The satraps Antigonus and Demetrius now each assumed the title of king; Ptolemy, as well as Cassander, Lysimachus and Seleucus I Nicator, responded by doing the same. In the winter of 306 BC, Antigonus tried to follow up his victory in Cyprus by invading Egypt; but Ptolemy was strongest there, and successfully held the frontier against him. Ptolemy led no further overseas expeditions against Antigonus. However, he did send great assistance to Rhodes when it was besieged by Demetrius (305/304). The Rhodians granted divine honors to Ptolemy as a result of the lifting of the siege.

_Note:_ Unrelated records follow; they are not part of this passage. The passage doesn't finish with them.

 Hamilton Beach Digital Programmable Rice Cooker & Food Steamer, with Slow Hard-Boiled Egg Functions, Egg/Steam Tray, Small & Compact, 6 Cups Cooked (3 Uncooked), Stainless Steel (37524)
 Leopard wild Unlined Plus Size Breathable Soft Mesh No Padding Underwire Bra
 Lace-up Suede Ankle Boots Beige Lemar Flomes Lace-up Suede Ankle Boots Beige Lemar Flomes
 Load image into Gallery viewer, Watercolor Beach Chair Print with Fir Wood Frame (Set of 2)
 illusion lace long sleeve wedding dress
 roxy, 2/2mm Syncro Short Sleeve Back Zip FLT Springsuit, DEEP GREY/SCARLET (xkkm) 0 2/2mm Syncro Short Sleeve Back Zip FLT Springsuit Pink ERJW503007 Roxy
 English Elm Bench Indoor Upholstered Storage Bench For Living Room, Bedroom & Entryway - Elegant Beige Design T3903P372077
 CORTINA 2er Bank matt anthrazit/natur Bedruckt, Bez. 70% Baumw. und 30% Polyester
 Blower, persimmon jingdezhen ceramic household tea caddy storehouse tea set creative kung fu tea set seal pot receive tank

When the coalition against Antigonus was renewed in 302, Ptolemy joined it, and invaded Syria a third time, while Antigonus was engaged with Lysimachus in Asia Minor. On hearing a report that Antigonus had won a decisive victory there, he once again evacuated Syria. But when the news came that Antigonus had been defeated and slain by Lysimachus and Seleucus at the Battle of Ipsus in 301, he occupied Syria a fourth time.

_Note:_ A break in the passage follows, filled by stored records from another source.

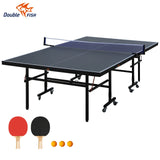 Foldable Portable 9-Ft MidSize Indoor Table Tennis Table Set - Omega Lifestyles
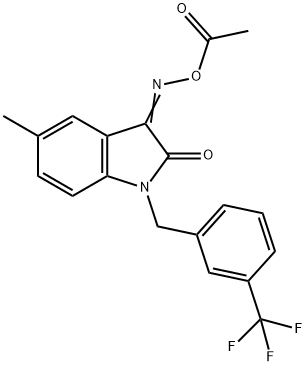 3-[(Acetyloxy)imino]-5-methyl-1-[3-(trifluoromethyl)benzyl]-1,3-dihydro-2H-indol-2-one 结构式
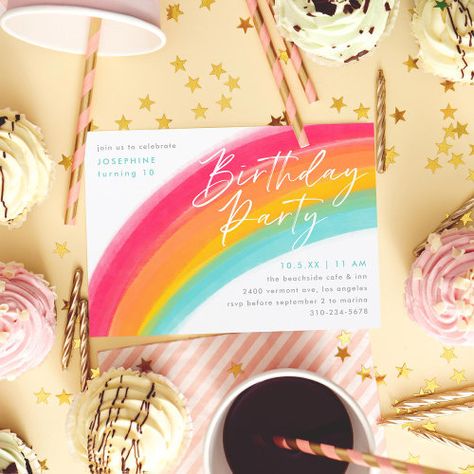 Painted Rainbow Birthday Party Invitation for $2.45 - Birthday Invitations Rainbow Invitations Birthday, Birthday Invitation Card Ideas, Cute Invitation Cards, Happy Birthday Sweetie, Plan A Birthday Party, Magical Birthday Party, Invitation Card Ideas, Cute Invitation, Rainbow Birthday Invitations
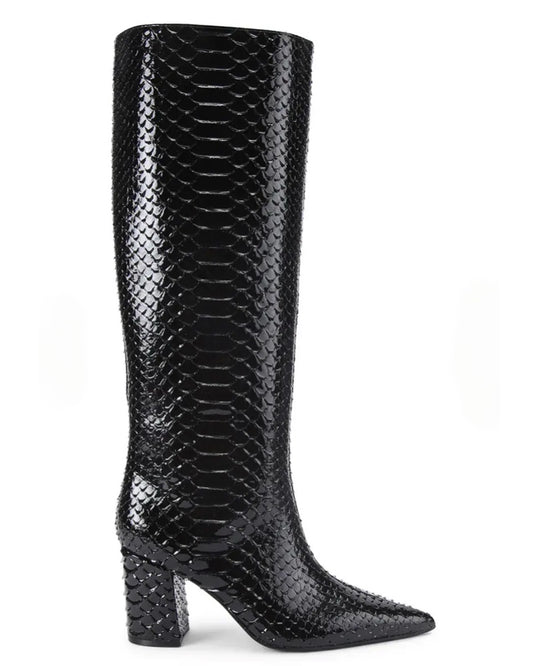 225-REGENT POINT KNEE BOOT-BLACK-SNAKE PRINT-659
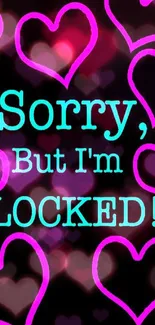 Vibrant pink heart lock screen wallpaper with teal text on black background.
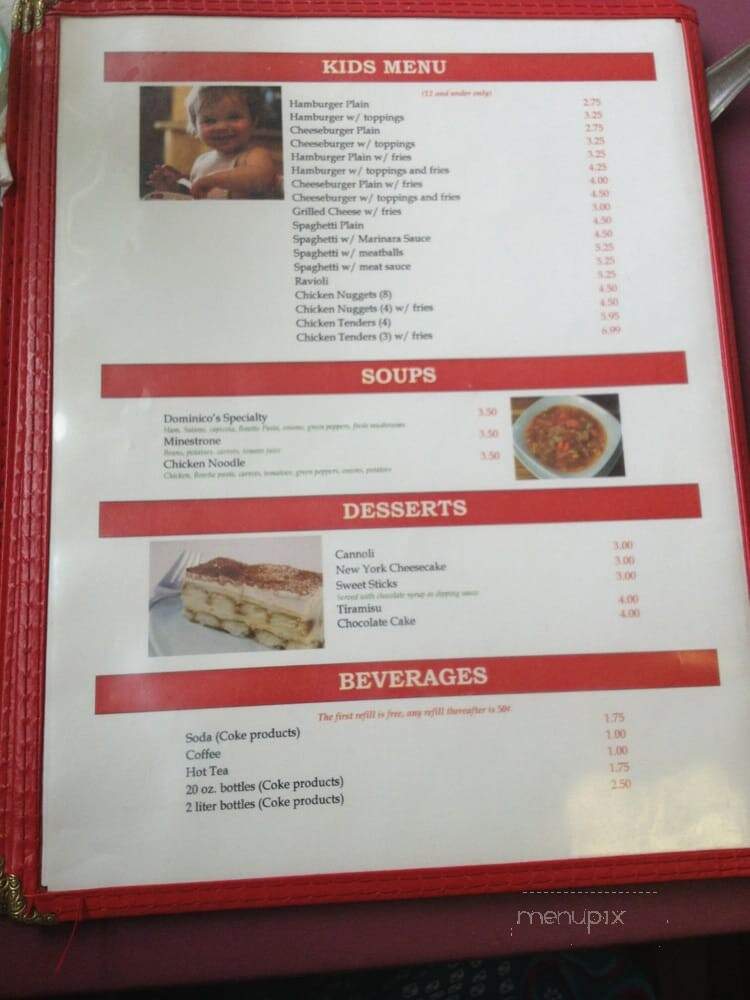 Dominicos - Luray, VA menu_pic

The other members of the coalition had assigned all Syria to Seleucus, after what they regarded as Ptolemy's desertion, and for the next hundred years, the question of the ownership of southern Syria (i.e., Judea) produced recurring warfare between the Seleucid and Ptolemaic dynasties. Henceforth, Ptolemy seems to have involved himself as little as possible in the rivalries between Asia Minor and Greece; he lost what he held in Greece, but reconquered Cyprus in 295/294. Cyrenaica, after a series of rebellions, was finally subjugated in about 300 and placed under his stepson Magas.

Marriages, children, and succession

While Alexander was alive, Ptolemy had three children with his mistress Thaïs, who may also have been his wife: Lagus; Leontiscus; and Eirene, who was given in marriage to Eunostos of Soloi in Cyprus. During the Susa weddings, Ptolemy married Persian noblewoman Artakama, as ordered by Alexander the Great. Around 322 BC, he married Eurydice, daughter of Antipater, regent of Macedonia. They had five children before she was repudiated: three sons–Ptolemy Keraunos, king of Macedon from 281 BC to 279 BC; his brother and successor Meleager, who ruled for two months in 279 BC; and a 'rebel in Cyprus' who was put to death by his half-brother Ptolemy II–as well as the daughters Ptolemais, who married Demetrius I of Macedon, and Lysandra, first married to Alexander V of Macedon and after to Lysimachus' son Agathocles. Ptolemy married once more to Berenice, Eurydice's cousin, who had come to Egypt as Eurydice's lady-in-waiting with the children from her first marriage to Philip. Their children were Arsinoe II, Philotera, and Ptolemy II. Their eldest child Arsinoe married Lysimachus, then her half-brother Ptolemy Keraunos, and finally her full brother Ptolemy II.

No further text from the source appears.